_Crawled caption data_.
-*-
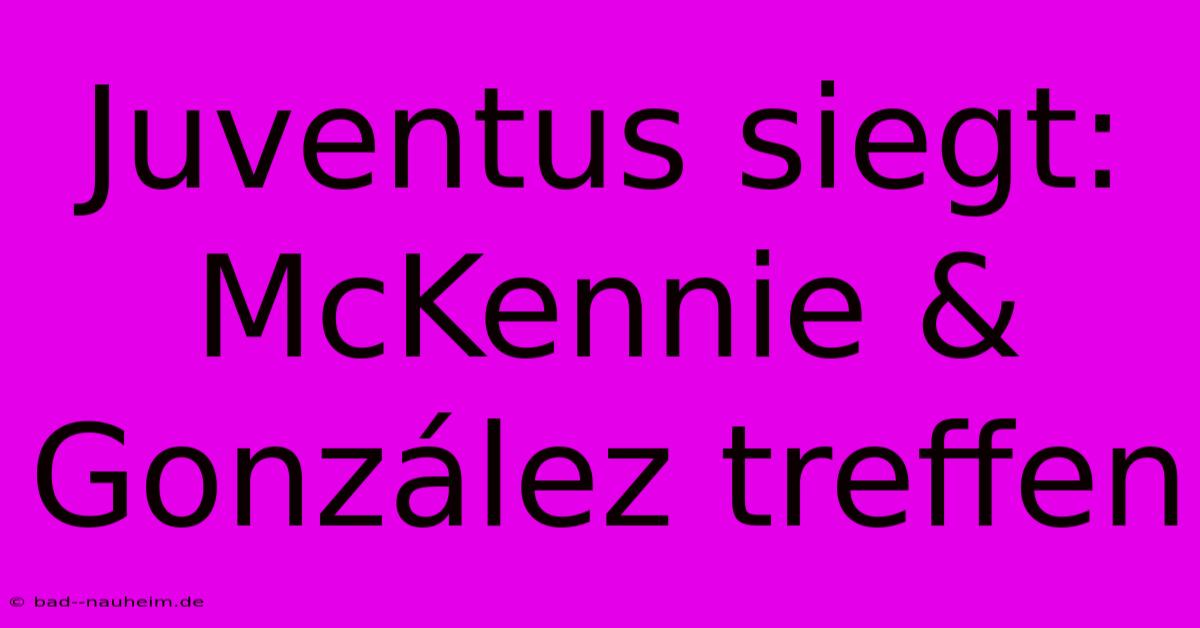 Juventus Siegt: McKennie & González Treffen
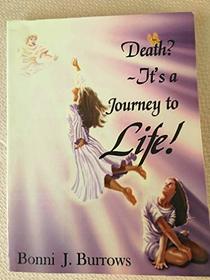 Death? It's a Journey to Life!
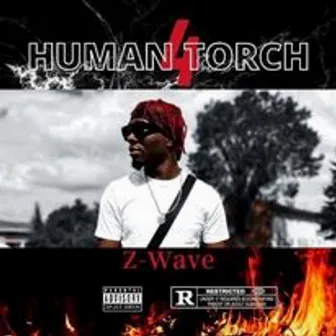 Human Torch. 4 by Z-Wave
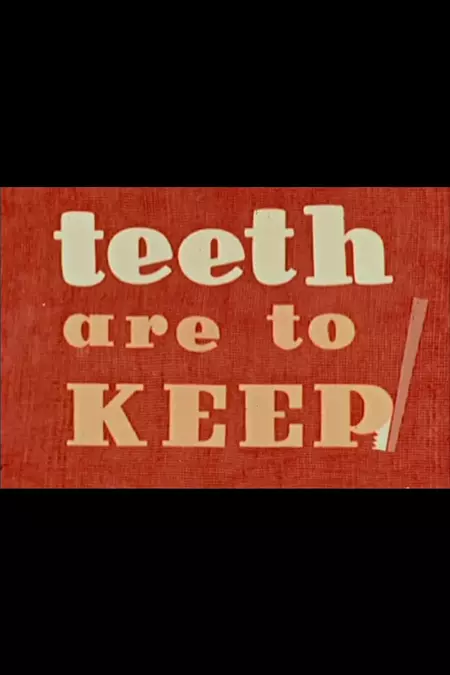 Teeth Are to Keep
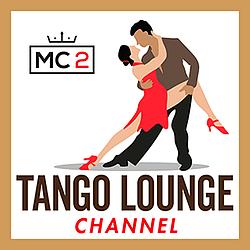 MC2 Tango Lounge Channel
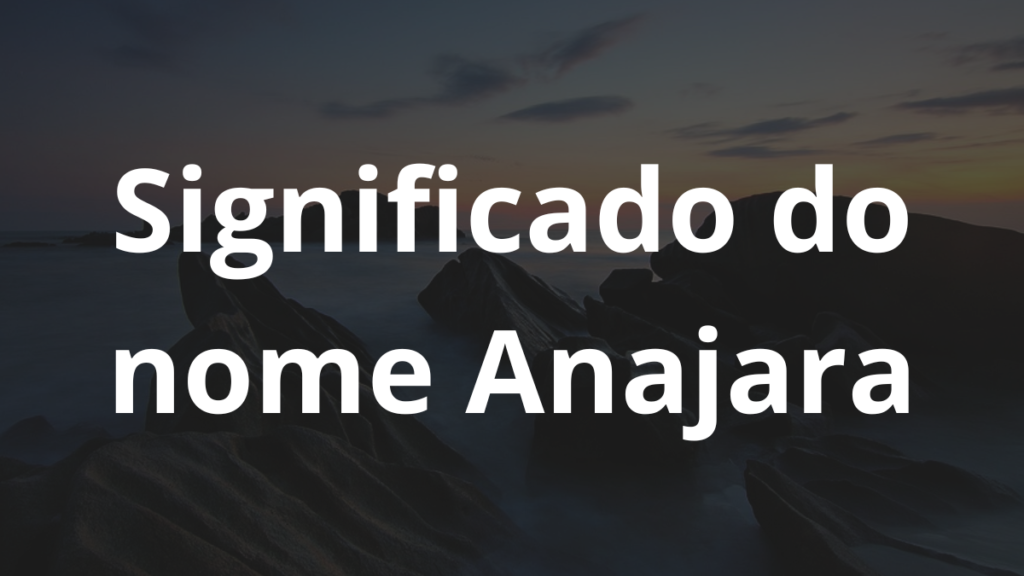 Significado do nome Anajara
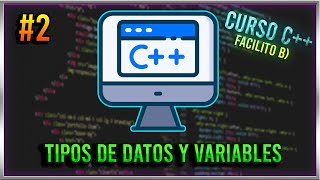 #2 CURSO DE PROGRAMACION C++ - TIPOS DE DATOS Y VARIABLES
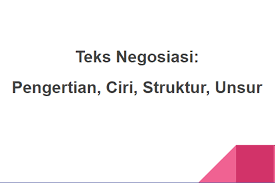Teks Negosiasi Pengertian Ciri Struktur Unsur Halaman All Kompas Com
-*-
_Work request_. Starting at the line that contains "MC2 Tango Lounge Channel", please write out each line through the last line of the data, both ends included, and keep pictures out of the copy.

_Task answer_.
 MC2 Tango Lounge Channel
 Significado do nome Anajara
 #2 CURSO DE PROGRAMACION C++ - TIPOS DE DATOS Y VARIABLES
Teks Negosiasi Pengertian Ciri Struktur Unsur Halaman All Kompas Com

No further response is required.